### Data provided

>>

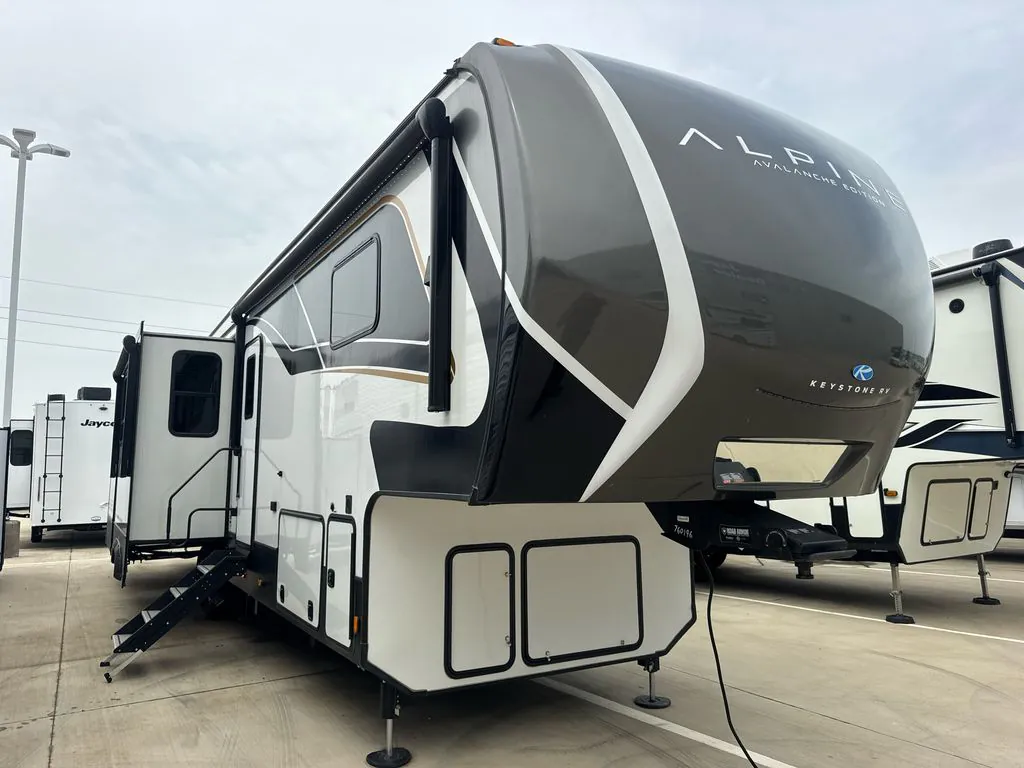 2025 Keystone Alpine Avalanche Edition 366LS - Photo 2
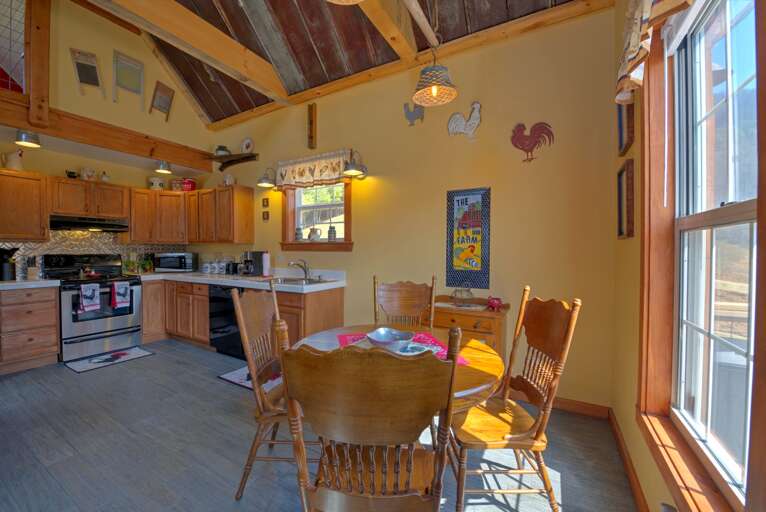 Dining Area Dining Area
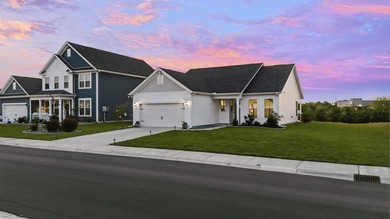 Turn-Key Coastal Home with Water Views - Just 2 Miles to the - photo 2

<<

Exact repetition of the material above is required, with the images removed.

### Your response
 2025 Keystone Alpine Avalanche Edition 366LS - Photo 2
 Dining Area Dining Area
 Turn-Key Coastal Home with Water Views - Just 2 Miles to the - photo 2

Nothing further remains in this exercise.